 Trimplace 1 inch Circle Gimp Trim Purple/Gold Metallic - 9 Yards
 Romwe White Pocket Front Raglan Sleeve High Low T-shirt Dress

* * *

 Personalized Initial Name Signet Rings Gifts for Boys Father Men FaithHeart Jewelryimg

_Work to complete_. Write down, word for word, the lines above from the one containing "Trimplace 1 inch" through the one containing "Romwe White Pocket", both ends included.

_Your solution_.
 Trimplace 1 inch Circle Gimp Trim Purple/Gold Metallic - 9 Yards
 Romwe White Pocket Front Raglan Sleeve High Low T-shirt Dress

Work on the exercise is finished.